Outcomes of patients with confirmed cancer of unknown primary: a 10-year analysis
Session type: E-poster/poster
Patients with CUP have pathological evidence of malignancy but no confirmation of a primary site, despite a comprehensive diagnostic work-up. Accounting for only 2-3% of cancers, CUP is the 5th greatest cause of cancer death in the UK. Established ESMO and NICE guidelines have standardised investigation and management of CUP but “real-world” outcomes are not well defined.
Prospective data collection was undertaken for all patients with a diagnosis of confirmed CUP (cCUP) referred to the Edinburgh Cancer Centre CUP Service between 01/09/2010 and 31/08/2020. Patient demographics, clinical, radiological, pathological and treatment data were recorded.

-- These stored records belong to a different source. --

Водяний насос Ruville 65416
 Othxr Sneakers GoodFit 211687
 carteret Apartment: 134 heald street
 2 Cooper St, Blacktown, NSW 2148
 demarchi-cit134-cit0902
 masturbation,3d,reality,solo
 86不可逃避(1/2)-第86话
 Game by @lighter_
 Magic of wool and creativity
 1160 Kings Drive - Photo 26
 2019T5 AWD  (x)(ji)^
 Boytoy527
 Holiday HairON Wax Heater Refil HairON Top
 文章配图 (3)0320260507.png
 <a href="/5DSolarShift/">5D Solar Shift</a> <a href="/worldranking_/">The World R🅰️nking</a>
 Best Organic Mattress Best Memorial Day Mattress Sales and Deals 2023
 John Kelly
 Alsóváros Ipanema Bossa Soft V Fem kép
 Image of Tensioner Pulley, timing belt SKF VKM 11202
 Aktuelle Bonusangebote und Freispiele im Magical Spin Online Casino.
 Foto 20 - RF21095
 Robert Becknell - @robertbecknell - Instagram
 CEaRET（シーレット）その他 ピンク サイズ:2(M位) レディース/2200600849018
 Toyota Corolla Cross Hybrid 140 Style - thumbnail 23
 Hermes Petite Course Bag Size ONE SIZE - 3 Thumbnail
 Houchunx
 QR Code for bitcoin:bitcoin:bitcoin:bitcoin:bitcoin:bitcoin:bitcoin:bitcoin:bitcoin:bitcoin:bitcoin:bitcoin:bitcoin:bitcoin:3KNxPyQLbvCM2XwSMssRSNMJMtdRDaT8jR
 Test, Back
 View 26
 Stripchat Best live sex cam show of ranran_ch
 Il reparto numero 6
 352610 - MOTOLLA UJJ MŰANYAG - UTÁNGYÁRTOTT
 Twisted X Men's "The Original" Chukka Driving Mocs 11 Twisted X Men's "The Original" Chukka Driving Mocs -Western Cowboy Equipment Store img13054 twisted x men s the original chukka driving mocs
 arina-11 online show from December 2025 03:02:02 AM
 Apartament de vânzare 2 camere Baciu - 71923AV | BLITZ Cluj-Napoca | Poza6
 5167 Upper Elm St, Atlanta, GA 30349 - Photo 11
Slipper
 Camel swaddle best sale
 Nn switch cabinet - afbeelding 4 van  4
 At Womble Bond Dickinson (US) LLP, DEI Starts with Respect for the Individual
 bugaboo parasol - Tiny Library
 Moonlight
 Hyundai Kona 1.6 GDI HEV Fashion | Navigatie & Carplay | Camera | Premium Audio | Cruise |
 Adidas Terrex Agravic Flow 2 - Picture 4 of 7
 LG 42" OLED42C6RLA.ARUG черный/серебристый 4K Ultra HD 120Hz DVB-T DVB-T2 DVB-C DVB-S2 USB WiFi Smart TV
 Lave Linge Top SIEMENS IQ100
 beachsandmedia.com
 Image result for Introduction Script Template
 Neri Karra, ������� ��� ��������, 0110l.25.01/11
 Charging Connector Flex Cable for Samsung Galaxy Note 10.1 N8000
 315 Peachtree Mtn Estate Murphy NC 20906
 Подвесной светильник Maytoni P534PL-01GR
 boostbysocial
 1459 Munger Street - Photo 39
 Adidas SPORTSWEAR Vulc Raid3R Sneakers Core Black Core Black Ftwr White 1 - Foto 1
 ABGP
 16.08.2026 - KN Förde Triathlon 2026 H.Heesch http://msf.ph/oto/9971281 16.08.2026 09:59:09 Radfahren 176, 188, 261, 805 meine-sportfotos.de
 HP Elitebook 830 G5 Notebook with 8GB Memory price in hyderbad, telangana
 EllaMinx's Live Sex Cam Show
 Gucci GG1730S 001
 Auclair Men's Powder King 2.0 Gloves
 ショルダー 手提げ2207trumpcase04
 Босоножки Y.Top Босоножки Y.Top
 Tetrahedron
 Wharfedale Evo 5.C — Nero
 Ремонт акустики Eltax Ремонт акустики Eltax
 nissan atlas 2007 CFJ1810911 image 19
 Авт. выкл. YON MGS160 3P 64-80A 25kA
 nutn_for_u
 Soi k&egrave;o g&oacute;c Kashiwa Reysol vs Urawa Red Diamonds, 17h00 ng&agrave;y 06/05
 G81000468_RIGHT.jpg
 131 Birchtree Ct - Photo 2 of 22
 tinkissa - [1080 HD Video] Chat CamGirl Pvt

Data were available for 301 patients. Median survival was 4.0 (IQR 2.0-10.0) months. 75% (n=227) had ‘poor prognosis cCUP’ (PP-cCUP). ‘Best fit’ tissue of origin, after comprehensive investigations including immunohistochemistry analyses, showed that 47% (n=142) had features consistent with hepatobiliary or pancreatic cancer and 22% (n=65) were poorly/undifferentiated cancers. 25% (n=74) had features that classified them as ‘favourable prognosis cCUP’ (FP-cCUP). Median survival of patients with FP-cCUP was 5.5 (IQR 3.2-16.4) months compared to 3.7 (IQR 1.8-8.5) months in those with PP-cCUP (p<0.001). 23% (n=69) received palliative radiotherapy. 43% (n=32) of patients with FP-cCUP and 24% (n=55) with PP-cCUP received systemic anticancer therapy (SACT). 84% (n=73) received 1st-line platinum-based doublet chemotherapy. 31% (n=27) received more than one line of SACT. Survival was improved in all patient groups who received SACT. Amongst patients treated with SACT there was no difference in survival between those with FP-cCUP and PP-cCUP (12.6 (IQR 5.3-16.6) v 10.1 (IQR 5.8-14.9) respectively (p=0.101)).
Outcomes for patients with cCUP in this real-world cohort are worse than previously described. We confirm that patients with FP-cCUP have better survival than those with PP-cCUP. Only a minority of patients with cCUP receive SACT. A higher proportion of patients with FP-cCUP received SACT, perhaps reflecting better treatment options for these patients. However, there was no difference in survival between those patients with FP-cCUP and PP-cCUP who received SACT.
This data highlights the importance of careful selection of cCUP patients who are suitable for treatment rather than being guided only by clinico-pathological subgroup.